# TTS on Android?



## flips (Dec 9, 2012)

Hi! My Kindle DX has Text-to-speech, which helps me read academic stuff faster.
I have not found this in the iOS app (iphone/ipad), but heard someone mentioning that the Kindle Fire family has TTS.

So, does all devices running the Kindle app on Android offer TTS? (Like the Nexus 7) Or just Amazon's own devices?


----------



## Toby (Nov 25, 2008)

It works on the Fires, except the original Fire. I don't have the other devices.


----------



## Ann in Arlington (Oct 27, 2008)

I have the android Kindle app on my phone and a tablet (not a Fire).  I just checked my phone and there is no TTS within the app.  I believe there are 3rd party apps that may add the functionality but it's not something I'm particularly interested in so I've never really gone looking.  I do remember at least one blogger (Bufo Calvin of "I Love My Kindle") saying he'd found something that let him listen to kindle books on his original Fire -- which also did not have TTS.  The current HD models, however, do, I believe.


----------



## flips (Dec 9, 2012)

So, I guess TTS is something Amazon provides in it's custom firmware, not by default in stock Android ...


----------



## Ann in Arlington (Oct 27, 2008)

flips said:


> So, I guess TTS is something Amazon provides in it's custom firmware, not by default in stock Android ...
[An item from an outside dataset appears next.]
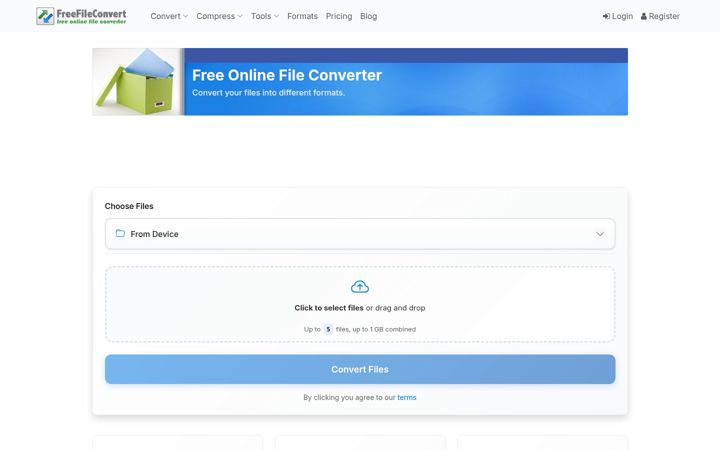 Captura de pantalla de freefileconvert.com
Android doesn't have much by default. . . it's just an OS. It's the apps that are developed that may or may not use a given feature. Most android devices will have speakers, and there are apps which will let the device read what is on the screen to you. Amazon did not choose to utilize that feature in their Kindle app for android.

On the FIRE, Amazon has put it's on stamp on the basic Android OS ('forked' it, if you will) and the Kindle app is more closely entwined into the OS than is possible on a 3rd party manufacturer device. My guess is they did this because it's been a feature of many of their eInk readers and customers asked for it back when the first Fire shipped without it.


----------



## readingril (Oct 29, 2010)

The TTS API has been a part of the Android OS since early on; unfortunately Amazon chooses not to incorporate TTS in its Kindle app. There are other reading apps that you can use that can read DRM free books in various formats, off the top of my head I know of Moon+ Reader & FBReader.


----------



## flips (Dec 9, 2012)

Great, thanks for good answers!


----------